Top of DATA FOR PROCESSING

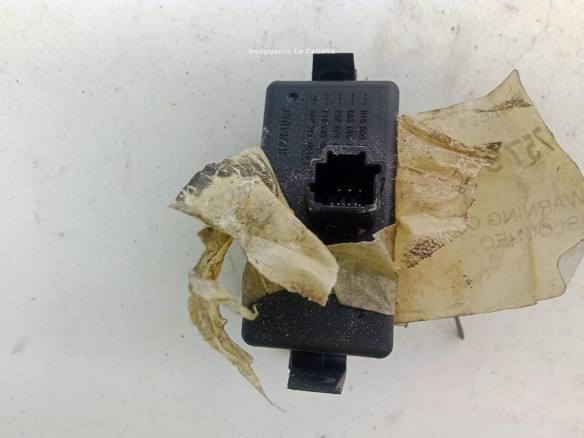 INTERRUPTOR WARNING RENAULT CLIO III (BR0/1, CR0/1)|Desguaces La Cabaña
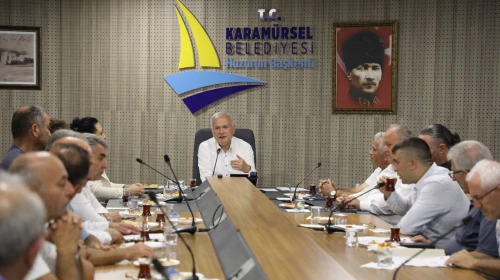 Karamürsel Belediyesi'nin düzenlediği olağan meclis toplantısı yapıldı
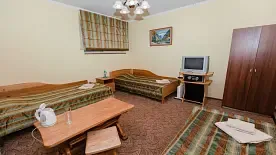 3-x местный стандарт без балкона (1 этаж), Гостиничный комплекс Форт Эврика, Роза Хутор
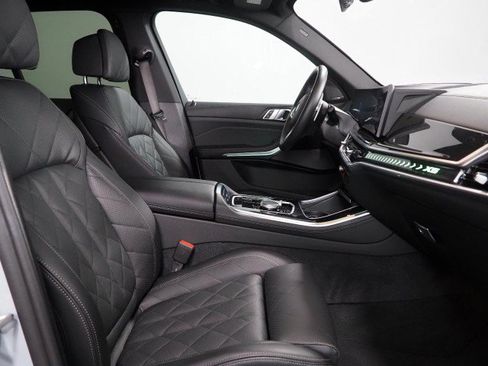 Used 2026 BMW X5 sDrive40i w/ M Sport Package RWD image 15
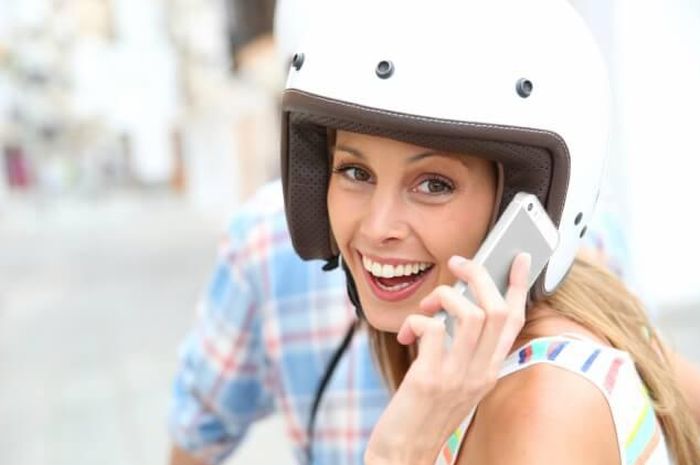 Ilustrasi menyelipkan handphone di helm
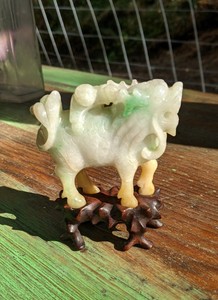 Old Fine Chinese Jade Carving Statue Figure Foo Lion Dog White Apple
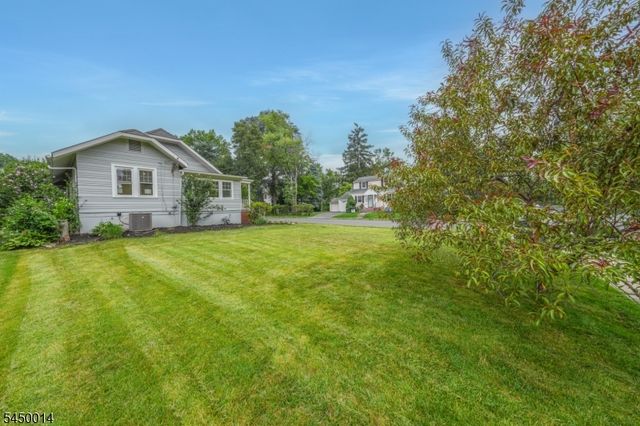 36 Minton Ave, Chatham Boro, NJ 07928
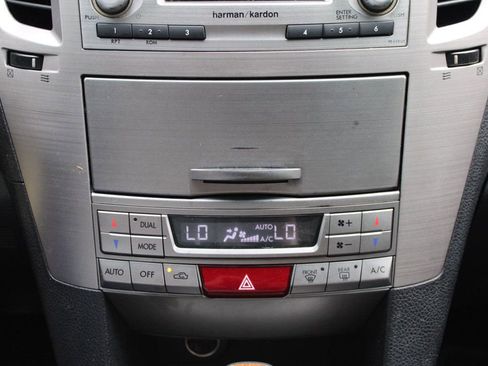 Used 2013 Subaru Outback 2.5i Limited w/ Moonroof Pkg AWD/4WD image 20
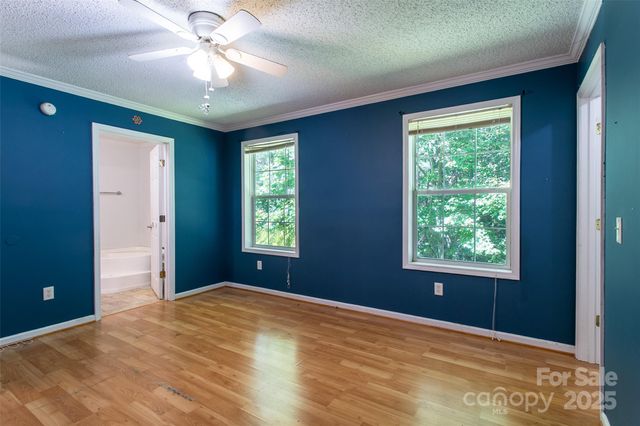 11 Grand Canyon Drive, Hendersonville, NC 28792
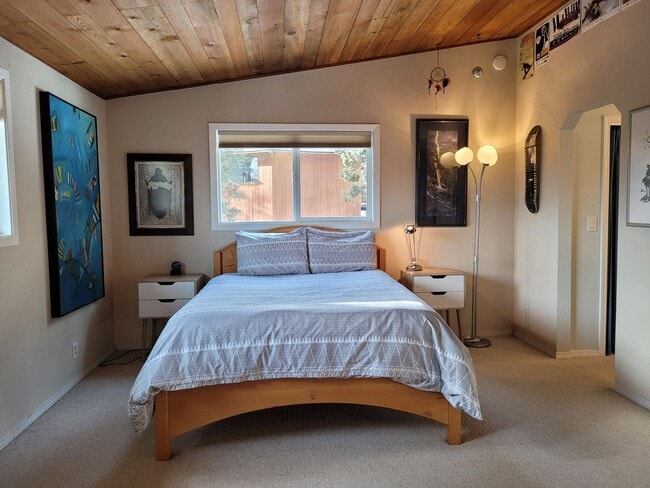 Building Photo - Spacious House, Front & Back Porch! Awbrey Butte Hillside with Mountain Views. Furnished 30-Day Min.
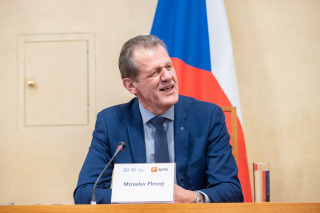 652780302_1238849735023490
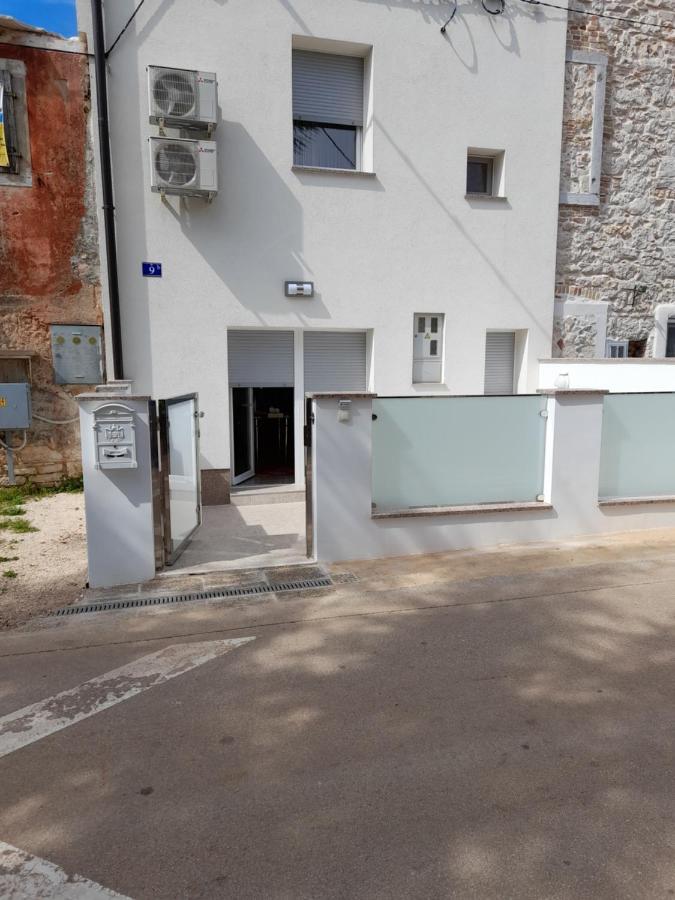 Apartments Donella Ουμάγκ Εξωτερικό φωτογραφία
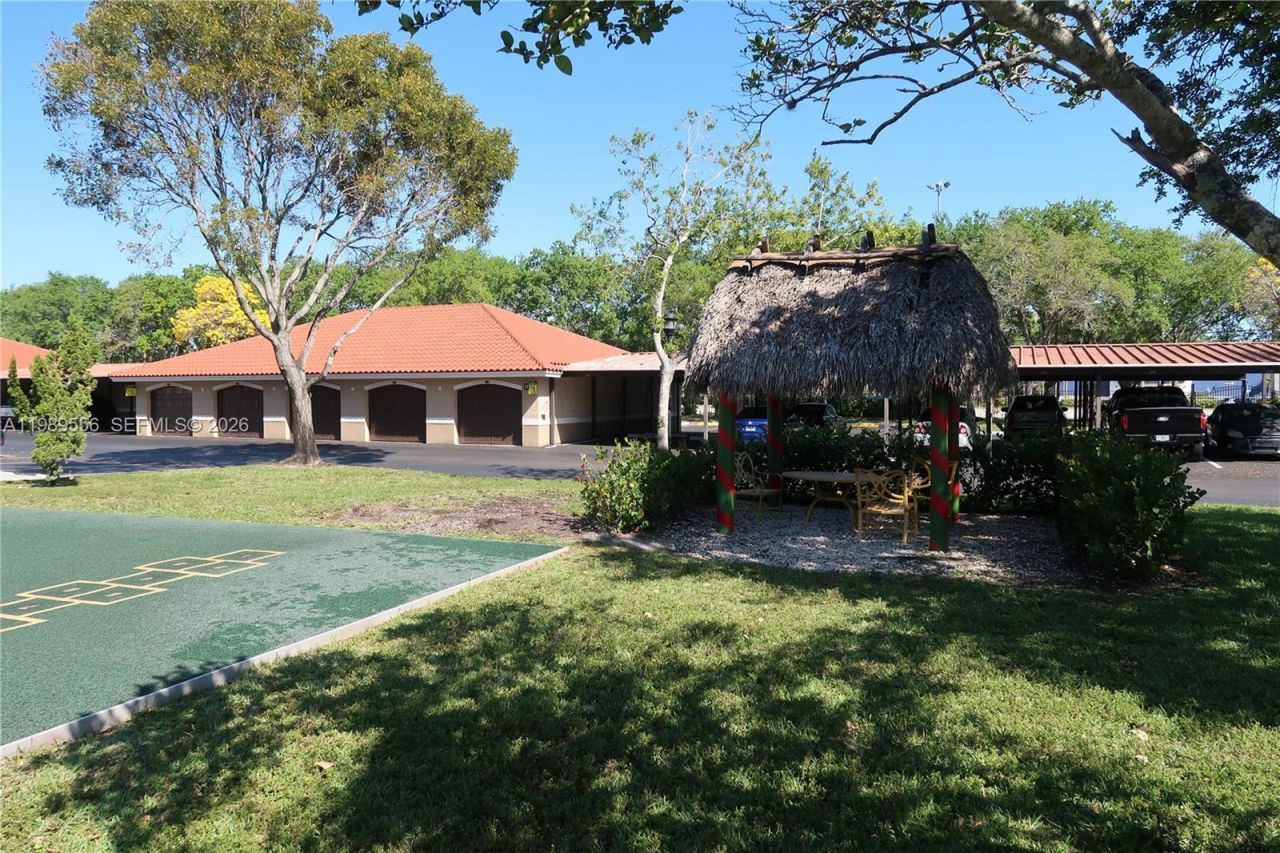 11650 SW 2nd St , Unit 16102, Pembroke Pines, FL 33025 Photo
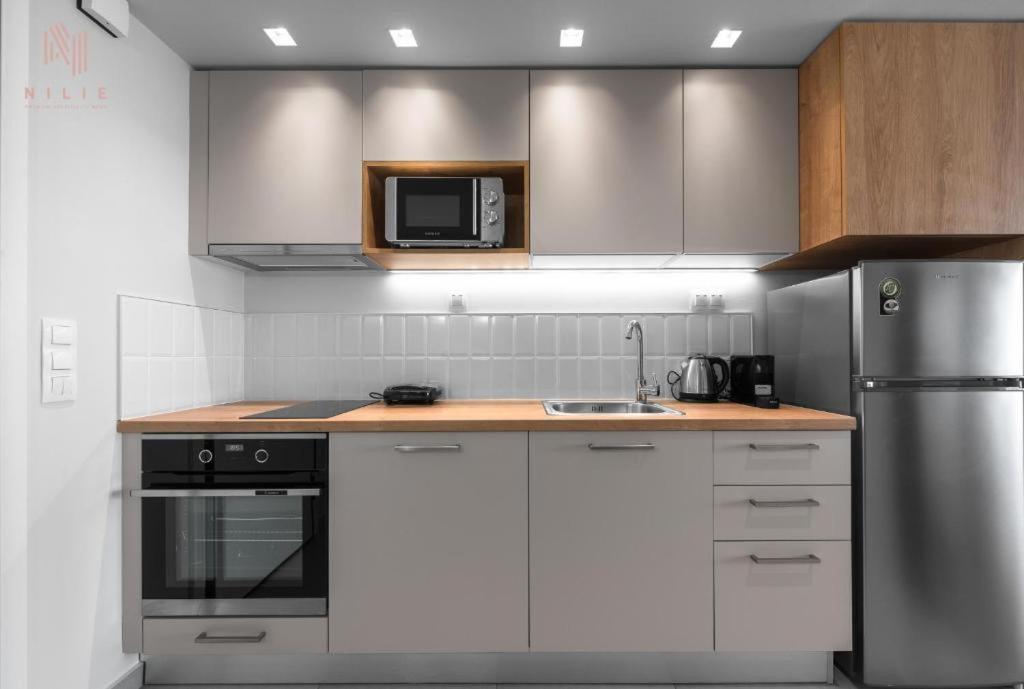 Appartamento Big Apple Aprts, Nilie Hospitality Mgmt Salonicco Esterno foto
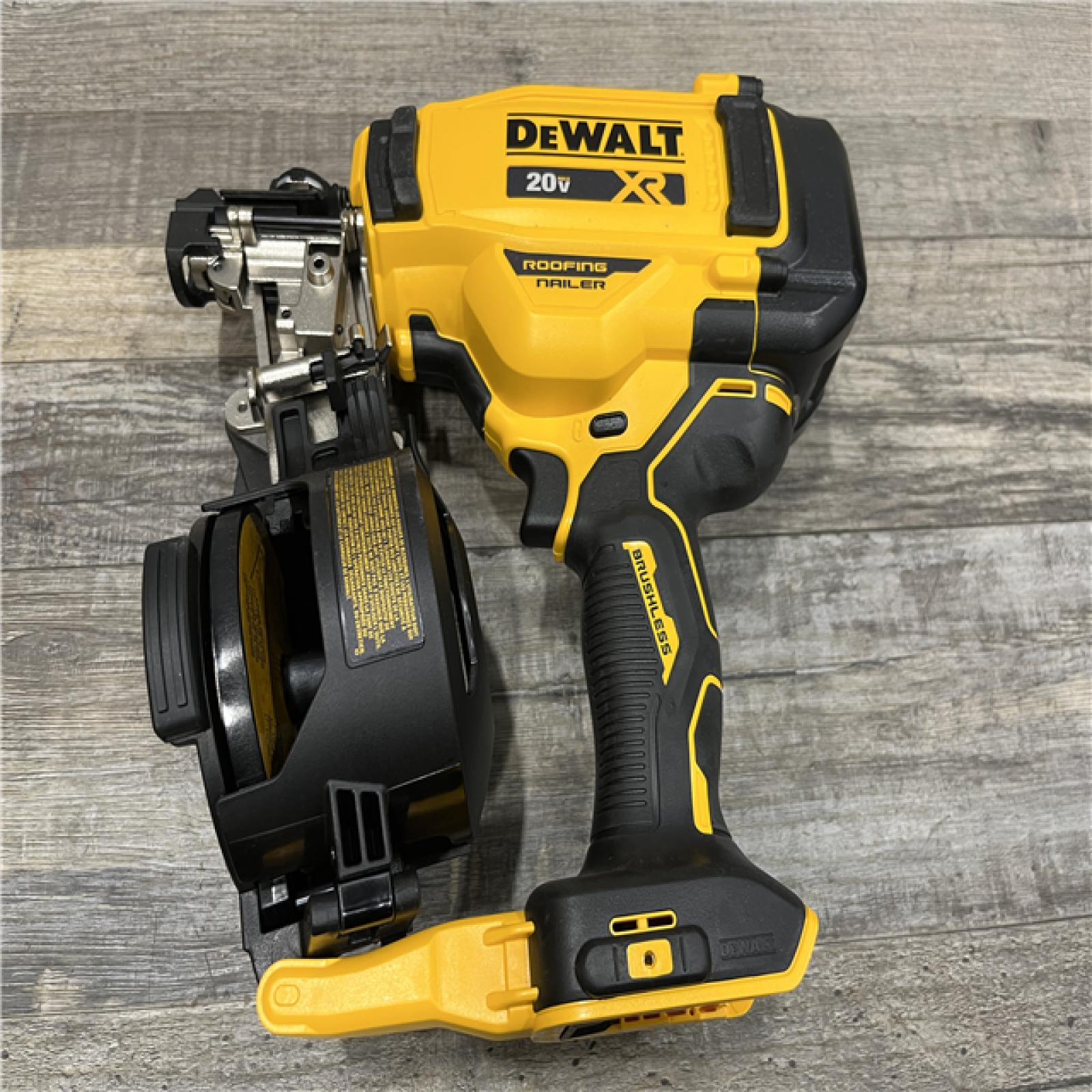AS-IS DEWALT 20V MAX Lithium-Ion 15-Degree Electric Cordless Roofing Nailer Kit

Bottom of DATA FOR PROCESSING

From the line containing "Karamürsel Belediyesi'nin düzenlediği" to the last line of the entries, copy every line exactly, including both ends, and leave out the pictures.

 Karamürsel Belediyesi'nin düzenlediği olağan meclis toplantısı yapıldı
 3-x местный стандарт без балкона (1 этаж), Гостиничный комплекс Форт Эврика, Роза Хутор
 Used 2026 BMW X5 sDrive40i w/ M Sport Package RWD image 15
 Ilustrasi menyelipkan handphone di helm
 Old Fine Chinese Jade Carving Statue Figure Foo Lion Dog White Apple
 36 Minton Ave, Chatham Boro, NJ 07928
 Used 2013 Subaru Outback 2.5i Limited w/ Moonroof Pkg AWD/4WD image 20
 11 Grand Canyon Drive, Hendersonville, NC 28792
 Building Photo - Spacious House, Front & Back Porch! Awbrey Butte Hillside with Mountain Views. Furnished 30-Day Min.
 652780302_1238849735023490
 Apartments Donella Ουμάγκ Εξωτερικό φωτογραφία
 11650 SW 2nd St , Unit 16102, Pembroke Pines, FL 33025 Photo
 Appartamento Big Apple Aprts, Nilie Hospitality Mgmt Salonicco Esterno foto
AS-IS DEWALT 20V MAX Lithium-Ion 15-Degree Electric Cordless Roofing Nailer Kit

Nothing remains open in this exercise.